Our data suggest that promoter of the p14 gene may be one of the specific regions whose methylation is closely associated with H. pylori infection. Methylation levels of the p16 gene seem to be accumulated in the progression of gastric mucosal atrophy and IM, and thus may be associated with the presence of gastric cancer especially for intestinal-type histopathology.
异常DNA甲基化是致癌过程中的主要事件之一。启动子DNA甲基化也存在于包括胃上皮在内的各种非肿瘤组织中,作为与年龄相关的现象,这表明它在肿瘤发生过程中早期就会出现。
我们旨在阐明非肿瘤性胃上皮中异常DNA甲基化与胃癌风险、幽门螺杆菌感染以及幽门螺杆菌诱导的胃炎程度之间的关系。
本研究纳入89例患者。比较两组患者的异常DNA甲基化状态:43例胃癌患者(平均年龄65.9岁[29 - 91岁],女性与男性比例为0.30,肠型[n = 25],弥漫型[n = 18])和46例年龄和性别匹配的无胃癌患者(消化性溃疡疾病[n = 11],胃炎[n = 35])作为对照组。通过内镜检查从胃窦活检的非肿瘤上皮中直接提取基因组DNA。通过甲基化特异性聚合酶链反应(MSP)确定p14和p21基因的启动子甲基化状态。在MSP后通过数字密度分析对p16基因的启动子甲基化状态进行定量。根据更新的悉尼系统评估胃窦炎的程度。基于放射免疫测定法测量的血清PG I和PG II水平的数据计算PG I/II比值。

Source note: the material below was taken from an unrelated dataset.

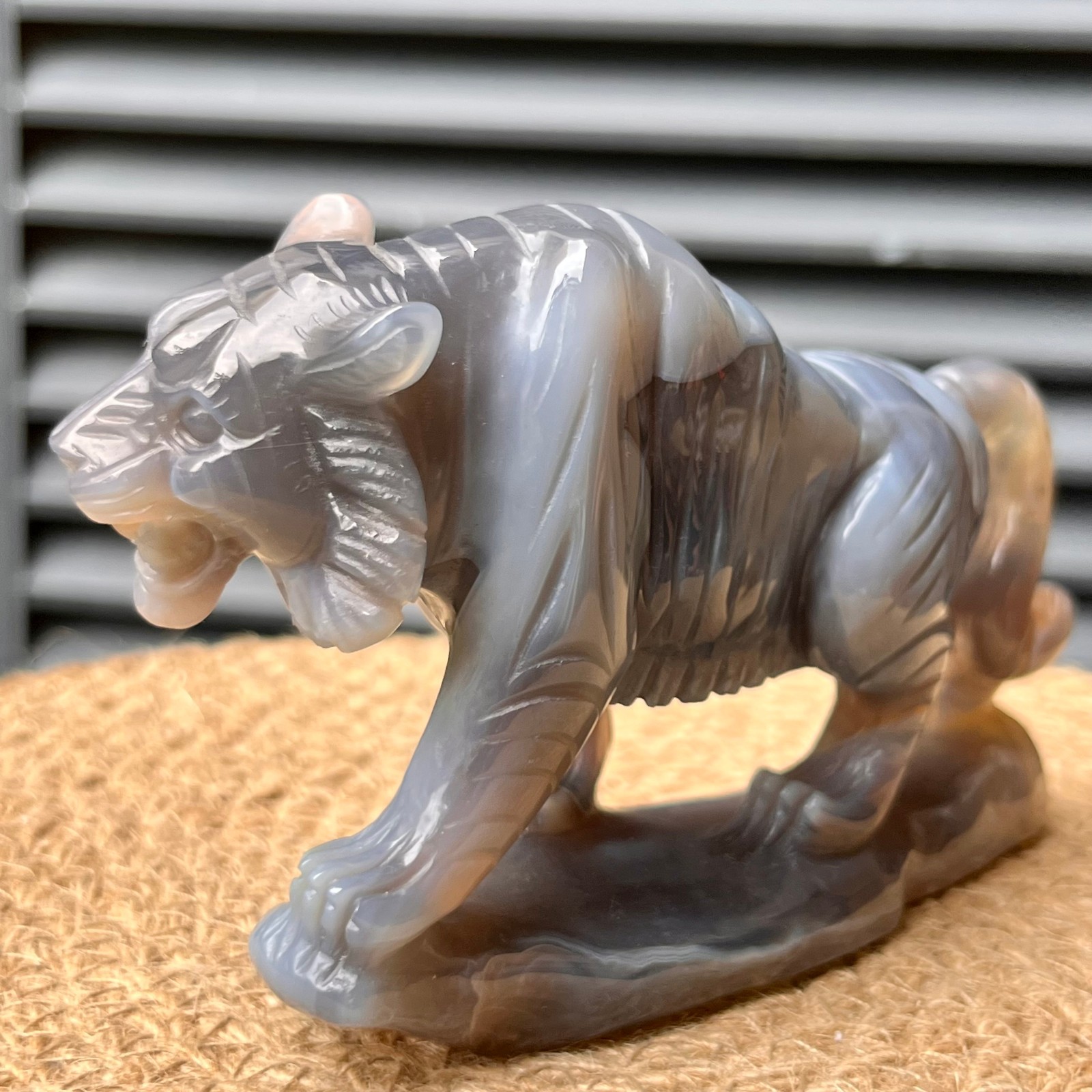 Crystal Agate Tiger Carving Detailed Animal Sculpture Stone 436 g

在所有89名受试者中,p14的CpG岛甲基化发生率为25.8%,p16为52.8%,p21为1.1%。在非癌症患者中,幽门螺杆菌阳性患者的p14基因甲基化频率显著高于幽门螺杆菌阴性患者(38.5%对10.0%,p = 0.03)。在所有患者以及幽门螺杆菌阳性患者中,胃癌病例中非肿瘤性胃上皮中p16基因的平均(±标准差)甲基化水平显著高于非胃癌病例(分别为0.45±0.31对0.20±0.17;p = 0.019,0.45±0.31对0.20±0.17;p = 0.016)。p16基因的甲基化水平也与肠型胃癌的存在相关(p = 0.017)。肠化生(IM)患者的p16基因甲基化水平显著高于无肠化生患者(p = 0.04)。此外,p16基因的甲基化水平与较低的PG I/II比值相关(p = 0.04)。仅在1例胃癌患者中发现p21基因的甲基化。
我们的数据表明,p14基因的启动子可能是其甲基化与幽门螺杆菌感染密切相关的特定区域之一。p16基因的甲基化水平似乎在胃黏膜萎缩和IM的进展过程中积累,因此可能与胃癌的存在相关,尤其是对于肠型组织病理学。